▶ What you will do
Copy out the listing in full, exactly as written, but not its pictures.

▶ Supplied data
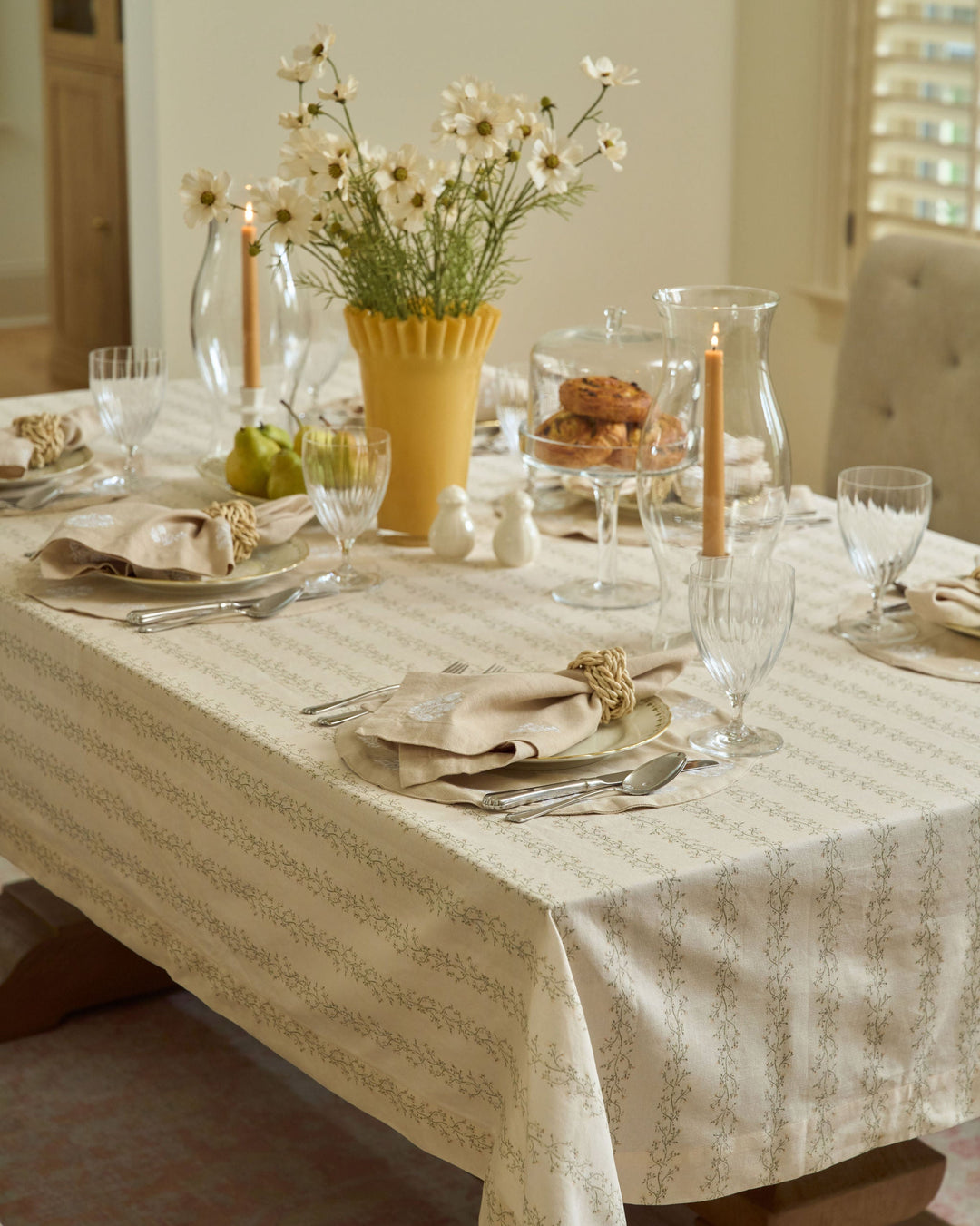 Neutral floral stripe tablecloth in sage green, pale yellow, and tan for Easter brunch, spring hosting, fall gatherings, and Thanksgiving dinner.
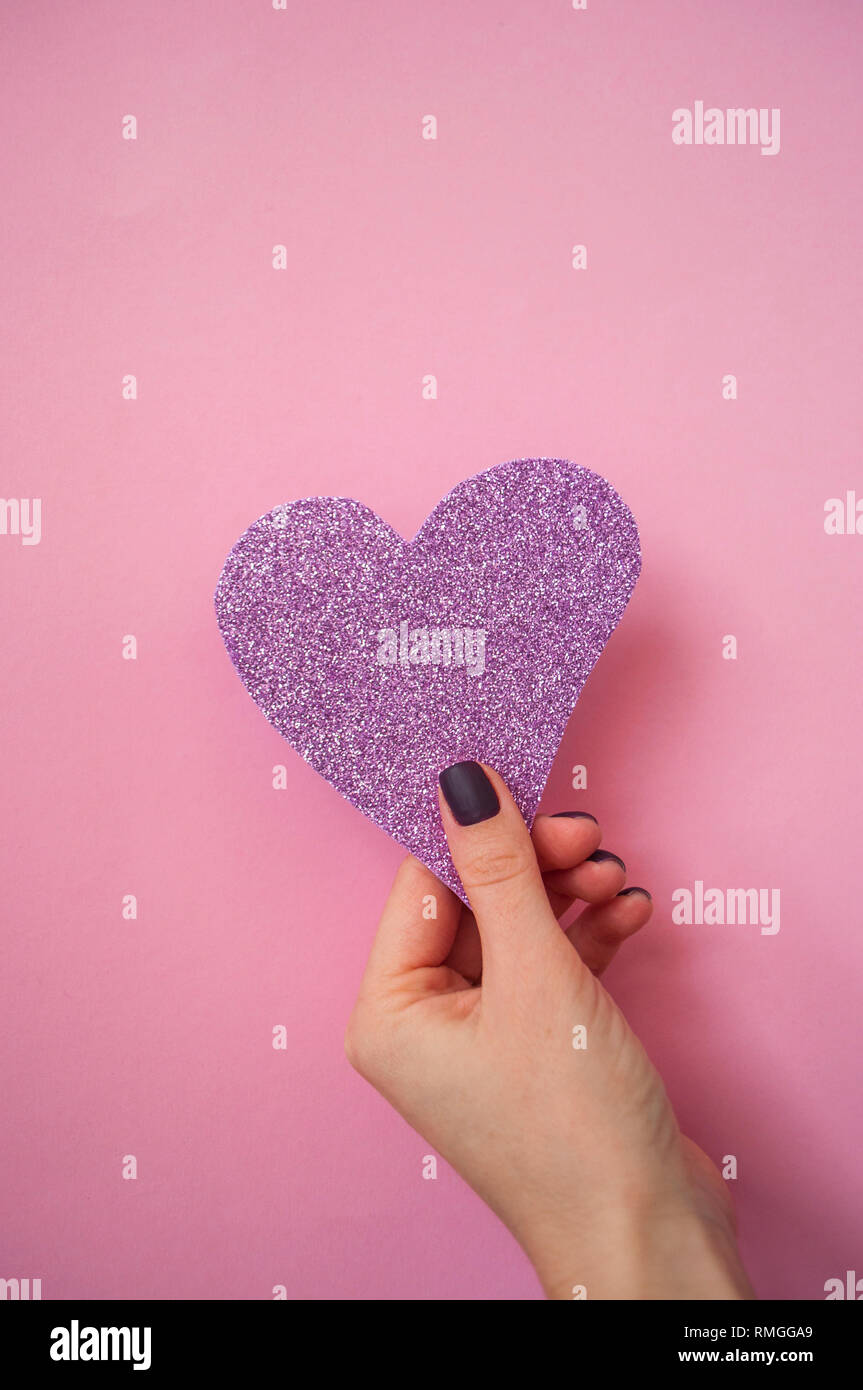 Die junge Frau mit schönen Maniküre auf Pastell rosa Hintergrund holding Rosa glitzerndes Herz. Stockfoto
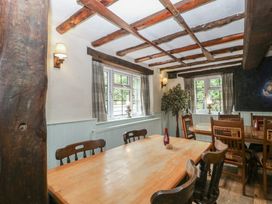 A dining room with a table and chairs at Penny Farthing Inn Aston Crews near Ross-On-Wye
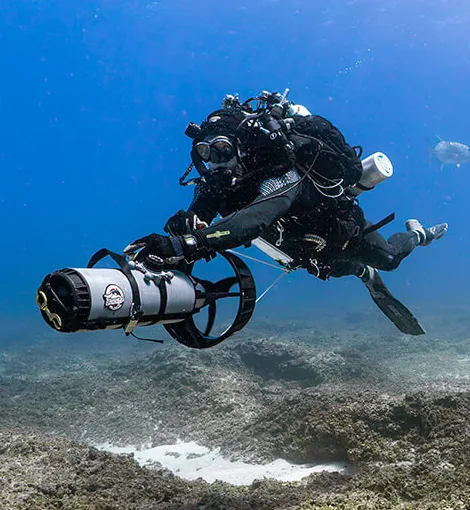 Two divers on closed-circuit rebreathers riding diver propulsion vehicles above a reef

▶ Answer to this exercise
 Neutral floral stripe tablecloth in sage green, pale yellow, and tan for Easter brunch, spring hosting, fall gatherings, and Thanksgiving dinner.
 Die junge Frau mit schönen Maniküre auf Pastell rosa Hintergrund holding Rosa glitzerndes Herz. Stockfoto
 A dining room with a table and chairs at Penny Farthing Inn Aston Crews near Ross-On-Wye
 Two divers on closed-circuit rebreathers riding diver propulsion vehicles above a reef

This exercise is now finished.